Trust and transparency are key elements when it comes to high value transactions, says Campbell, who has many C-Suite clients with high net worth.

“Our business is largely about word of mouth,” he says. “No matter how intelligent, or successful my customers are in their careers, they often don’t know about jewellery – so trust is very important. I recently had a customer with very high net worth. She kept coming back to me with ideas of items she had found online, but, as I told her, you cannot trust everything you read online.

“I have built up a reputation over 20 years. I’ve been in the business since I was 19. I try to keep things simple and fact-based for customers. I am transparent when it comes to price – the price is the price – there are no ‘mates rates’ or discounts. The price factors in all elements such as design, materials, time, risk, effort… if I say something costs €60,000 it is transparent why the item is that price." 


From generic to bespoke

Campbell sold very commercial brands in his previous jewellery shops, but, with an interest in contemporary design and the handmade, he says it was inevitable that he would grow to sell more bespoke and limited edition items of jewellery.

“I was completely bored of selling very commercial products and was always looking for a way out, trying to push the boundaries by taking on more unusual pieces,” he says. “I knew that people wanted them and that there was much more interesting work out there to do rather than to sell mass-produced items made in China.”

Campbell sells the work of designers based in Ireland such as Nicole van der Wolf, Inga Reed, Martina Hamilton and Seamus Gill and international designers including Neeltje Huddleston Slater and Josphine Bergsøe

He believes that stores like DesignYard are vital for independent jewellery makers and designers because they act as the conduit between the designer and the customer.

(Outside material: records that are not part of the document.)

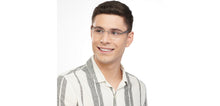 Load image into Gallery viewer, Gunmetal Rectangle Rimless Unisex Eyeglasses by Vincent Chase-200815
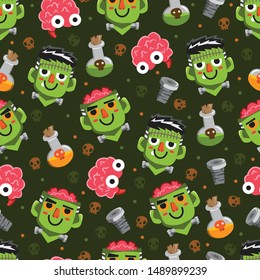 Halloween holiday seamless pattern background. 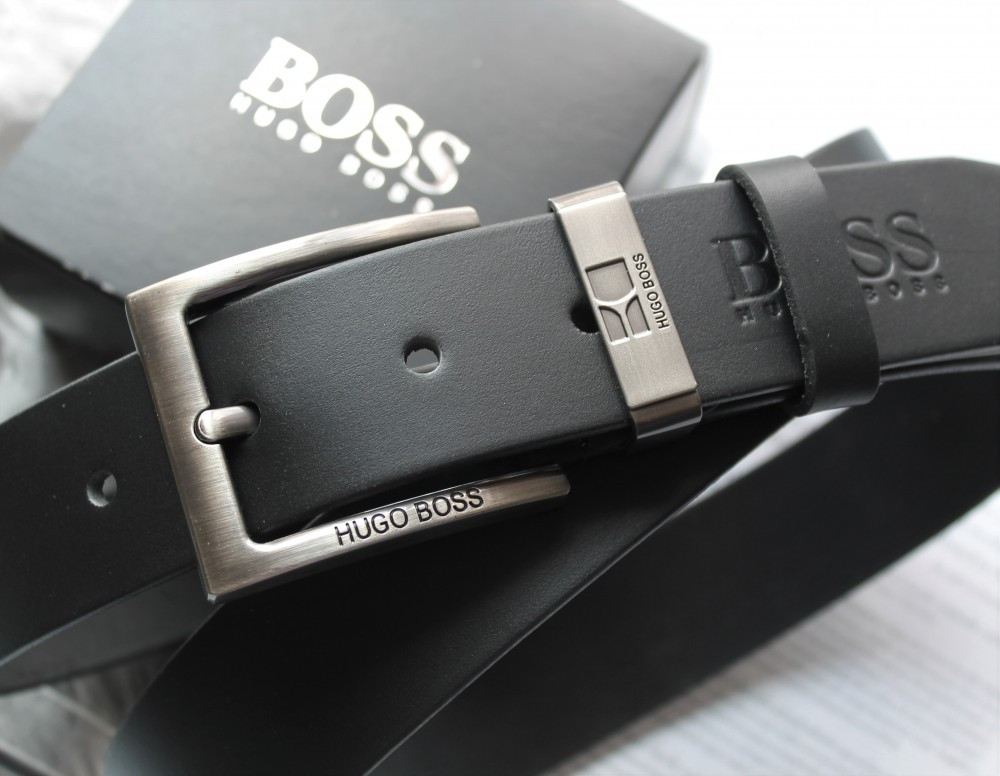 Мужской кожаный классический ремень Hugo Boss black - фото 3 - id-p2099476973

“Often by the time the craftsperson makes the jewellery they have little time for running a business as well. Finding a relationship with a gallery or shop, whether it is with us, or a gallery in Cork or London or wherever, helps with the business side of things for the maker,” he says.

“We recently spent hours photographing hundreds of pieces of jewellery. Makers simply couldn’t afford to do a shoot like that. We can tell their story and we can get them to a very wide audience. We are selling to Ireland, to the US, to Korea… sometimes having a bridge between the customer and the maker keeps everything smooth.”

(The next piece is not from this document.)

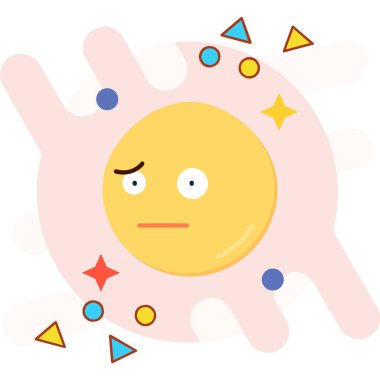 Düz stil vektör çiziminde güneş ve yıldızlı emoji simgesi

He describes the industry as an entire ‘ecosystem’. “If we don’t support designers and makers these crafts will fizzle away and all we will be left with is stuff that’s mass-produced. Obviously I have to look at things from the money side in order to keep a business going and to pay people, but it’s not all about the money for me. If you look at something you’re buying for €10 at a market, or something at a much higher level, hours of training have gone into creating these pieces and they are just far more interesting than something that is punched out of a machine.”

Campbell is looking at making hundreds of sales between now and Christmas. Last month the DesignYard website was up 2,864 per cent on November 2019 and 744 per cent to date this year due to thousands of hours spent checking orders, uploading products, geolocating images, replacing old imagery, posting on social media, working on blog content and more.

While he describes the website as the “first port of call” for customers, he believes that DesignYard will never go digital only and over the course of the next few weeks and into next year he will continue to facilitate customers via private appointments in the gallery, at clients’ homes, offices, coffee shops, hotels or wherever it is safe to do so.

If 2020 has taught him anything he says, it is that there is opportunity in every scenario if one is prepared to work for it. “I’ve learnt to work smarter, I’ve learnt to work harder,” says Campbell. “If people talk about pivoting, I’m like a ballet dancer at this stage.”